Having this information, I can construct the subsets of overlapping COMMON members (the size of the members is always static).

Please let me know if you see any issues with that representation or if you can think of a different representation that might be more useful in other parts of Flang.

Thank you!

szakharin · August 22, 2025, 11:27pm

@tblah @abidh FYI

szakharin · August 25, 2025, 11:54pm

Here is the initial PR modifying the operations’ definitions: [flang] Added storage specification for [hl]fir.declare. by vzakhari · Pull Request #155325 · llvm/llvm-project · GitHub

tblah · August 26, 2025, 10:11am

This looks great to me.
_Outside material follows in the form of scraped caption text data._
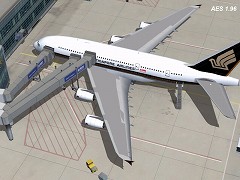 画像ギャラリー No.003のサムネイル画像 / 「大空にこだわろう!みんなの空港2」がエアポートエンハンスメントサービスに対応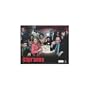 Professionally Plaqued The Sopranos (Cast, Season 4) TV Poster Print - 16x20 with RichAndFramous Black WoodMounting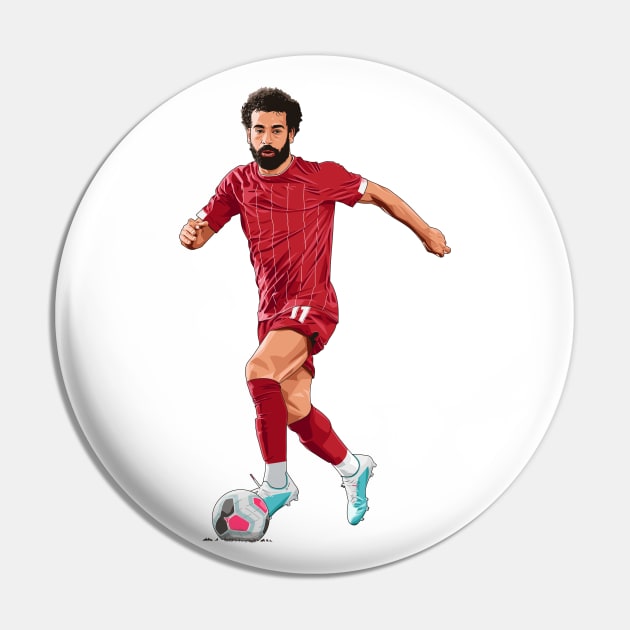 Mohamed Salah Pin by Ades_194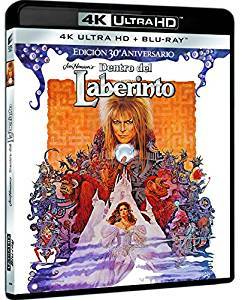 Ayuda Dentro del laberinto 4k 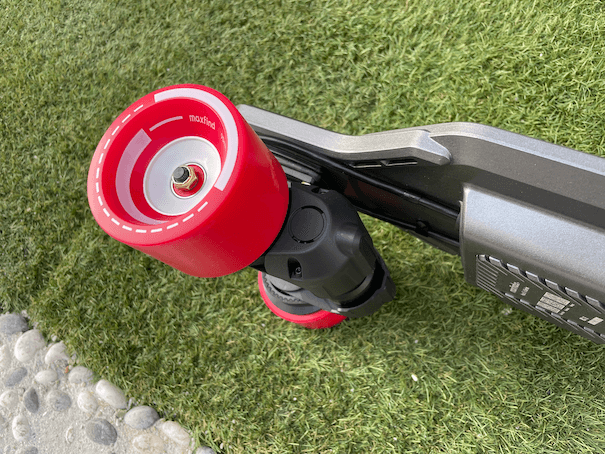 Photo of Maxfind Max 6 wheels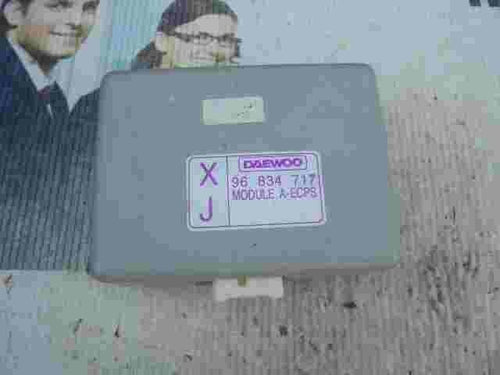 Centralita Controlador de dirección Chevrolet Daewoo 96834717 XJ 96834717XJ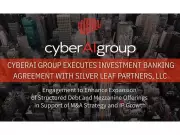 CyberAI Group Partners with Silver Leaf for Strategic Financial Expansion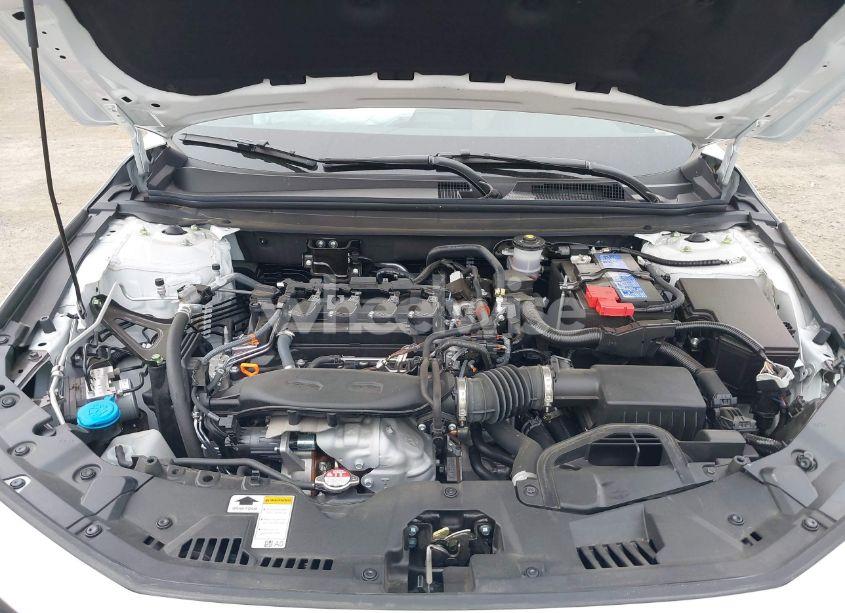 Photo 10 of 2024 Honda Accord LX (VIN 1HGCY1F20RA058803)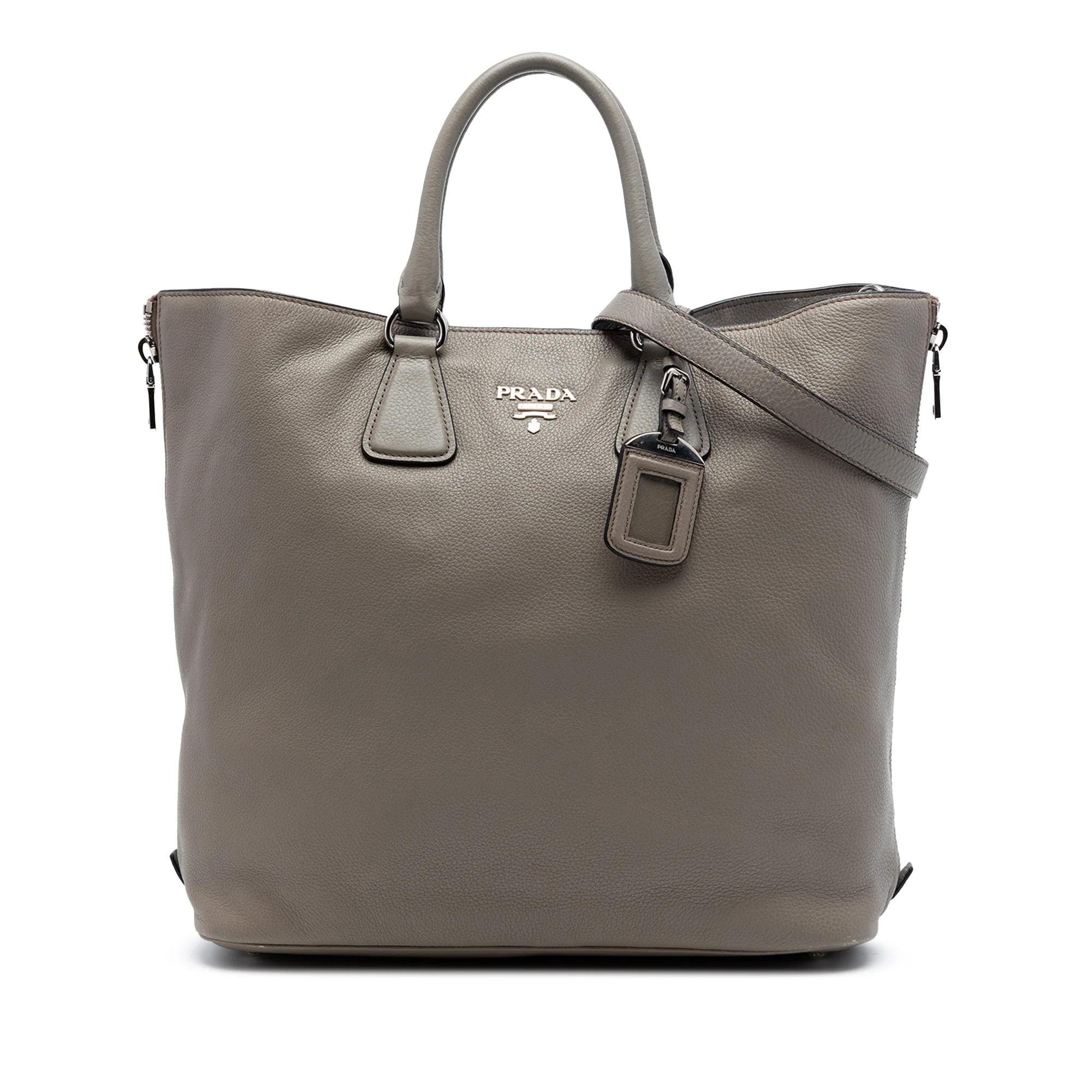 Pony-style calfskin tote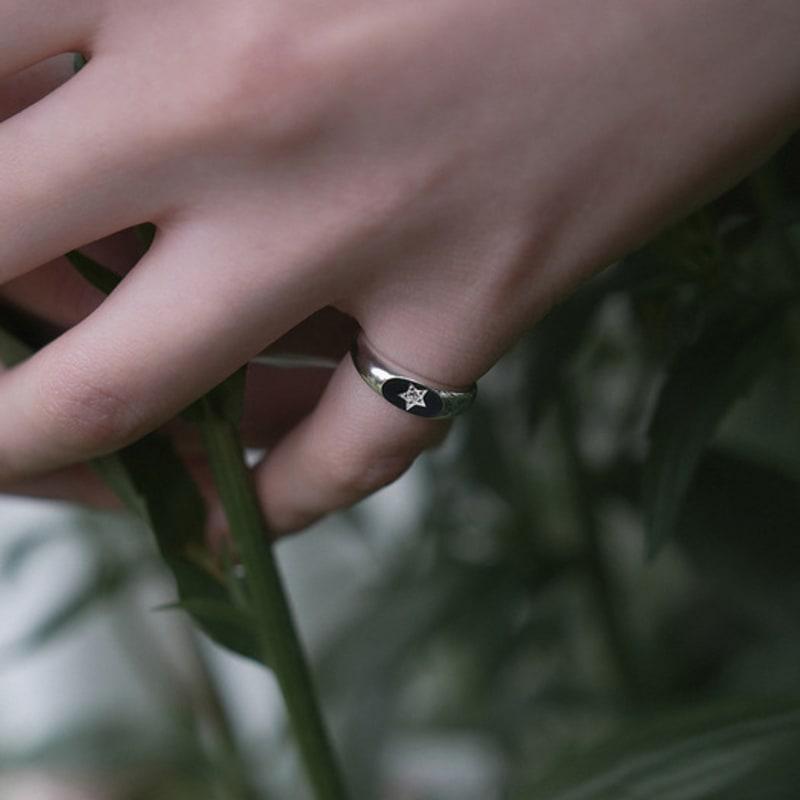 ANOTHER CELL Stellar Ring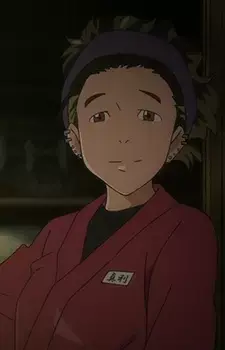 Mari Katsuki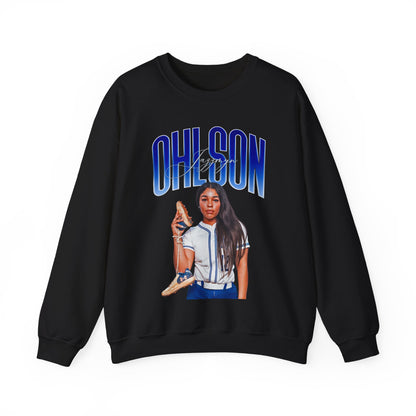Jazzmyn Ohlson Athlete Glory Crewneck Sweatshirt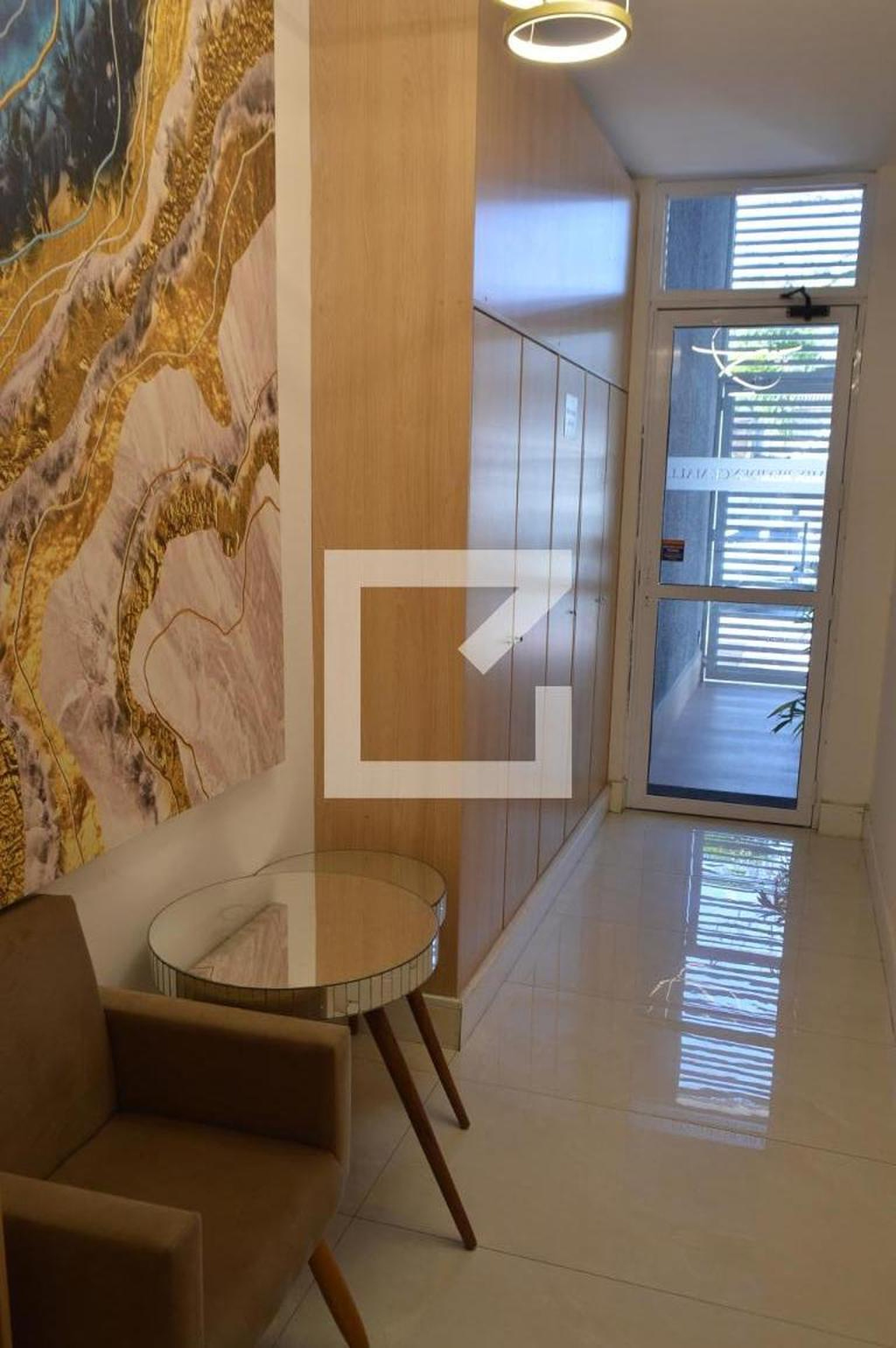 Hall social - Mix Residence Mall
TBAA can describe offsets of structure members although I am not sure how easy that would be to take advantage of given the atypical way we are using TBAA. I think your solution is better anyway because it is more consistent with what already exists.

abidh · August 26, 2025, 3:57pm

This looks good to me. As you mentioned, AddDebugInfo pass could use this information and get rid of the manually traversing the IR.

jeanPerier · September 2, 2025, 2:07pm

+1, thanks @szakharin !

The “global data” entry in your example is under the current function TBAA tree or in a tree at the compilation unit level? I am asking to check if you need to deal with the cases where a same common block is defined with different members in different functions of the same compilation unit.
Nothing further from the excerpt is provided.